(Items listed in a dataset)

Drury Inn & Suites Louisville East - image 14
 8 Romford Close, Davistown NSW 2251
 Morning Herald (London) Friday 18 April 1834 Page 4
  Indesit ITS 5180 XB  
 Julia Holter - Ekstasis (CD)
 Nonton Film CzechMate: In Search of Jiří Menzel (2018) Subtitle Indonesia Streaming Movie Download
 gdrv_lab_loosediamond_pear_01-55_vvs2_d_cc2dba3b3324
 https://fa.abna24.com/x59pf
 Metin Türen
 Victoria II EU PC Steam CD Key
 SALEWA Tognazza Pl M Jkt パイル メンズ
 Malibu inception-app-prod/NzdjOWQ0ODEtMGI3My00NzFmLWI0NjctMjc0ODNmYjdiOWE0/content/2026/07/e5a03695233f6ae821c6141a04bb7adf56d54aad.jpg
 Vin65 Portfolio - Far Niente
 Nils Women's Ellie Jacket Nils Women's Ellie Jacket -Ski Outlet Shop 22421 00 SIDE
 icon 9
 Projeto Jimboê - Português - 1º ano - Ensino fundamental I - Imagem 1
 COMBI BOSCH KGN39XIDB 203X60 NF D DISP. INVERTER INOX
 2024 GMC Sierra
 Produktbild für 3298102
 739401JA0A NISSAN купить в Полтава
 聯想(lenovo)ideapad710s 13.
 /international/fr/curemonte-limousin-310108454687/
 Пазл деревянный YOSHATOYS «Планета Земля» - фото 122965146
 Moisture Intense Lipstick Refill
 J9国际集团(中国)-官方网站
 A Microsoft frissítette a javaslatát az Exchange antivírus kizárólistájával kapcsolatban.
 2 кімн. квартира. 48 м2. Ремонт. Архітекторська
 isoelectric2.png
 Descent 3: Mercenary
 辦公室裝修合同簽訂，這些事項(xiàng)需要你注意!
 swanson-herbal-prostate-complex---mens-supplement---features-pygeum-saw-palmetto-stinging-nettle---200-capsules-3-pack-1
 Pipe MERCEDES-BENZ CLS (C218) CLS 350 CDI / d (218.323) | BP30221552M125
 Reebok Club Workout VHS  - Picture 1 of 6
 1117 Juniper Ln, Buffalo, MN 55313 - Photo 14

> **YOUR GOAL**:
All of the records should be transcribed exactly, with nothing left out.

> **YOUR RESPONSE**:
Drury Inn & Suites Louisville East - image 14
 8 Romford Close, Davistown NSW 2251
 Morning Herald (London) Friday 18 April 1834 Page 4
  Indesit ITS 5180 XB  
 Julia Holter - Ekstasis (CD)
 Nonton Film CzechMate: In Search of Jiří Menzel (2018) Subtitle Indonesia Streaming Movie Download
 gdrv_lab_loosediamond_pear_01-55_vvs2_d_cc2dba3b3324
 https://fa.abna24.com/x59pf
 Metin Türen
 Victoria II EU PC Steam CD Key
 SALEWA Tognazza Pl M Jkt パイル メンズ
 Malibu inception-app-prod/NzdjOWQ0ODEtMGI3My00NzFmLWI0NjctMjc0ODNmYjdiOWE0/content/2026/07/e5a03695233f6ae821c6141a04bb7adf56d54aad.jpg
 Vin65 Portfolio - Far Niente
 Nils Women's Ellie Jacket Nils Women's Ellie Jacket -Ski Outlet Shop 22421 00 SIDE
 icon 9
 Projeto Jimboê - Português - 1º ano - Ensino fundamental I - Imagem 1
 COMBI BOSCH KGN39XIDB 203X60 NF D DISP. INVERTER INOX
 2024 GMC Sierra
 Produktbild für 3298102
 739401JA0A NISSAN купить в Полтава
 聯想(lenovo)ideapad710s 13.
 /international/fr/curemonte-limousin-310108454687/
 Пазл деревянный YOSHATOYS «Планета Земля» - фото 122965146
 Moisture Intense Lipstick Refill
 J9国际集团(中国)-官方网站
 A Microsoft frissítette a javaslatát az Exchange antivírus kizárólistájával kapcsolatban.
 2 кімн. квартира. 48 м2. Ремонт. Архітекторська
 isoelectric2.png
 Descent 3: Mercenary
 辦公室裝修合同簽訂，這些事項(xiàng)需要你注意!
 swanson-herbal-prostate-complex---mens-supplement---features-pygeum-saw-palmetto-stinging-nettle---200-capsules-3-pack-1
 Pipe MERCEDES-BENZ CLS (C218) CLS 350 CDI / d (218.323) | BP30221552M125
 Reebok Club Workout VHS  - Picture 1 of 6
 1117 Juniper Ln, Buffalo, MN 55313 - Photo 14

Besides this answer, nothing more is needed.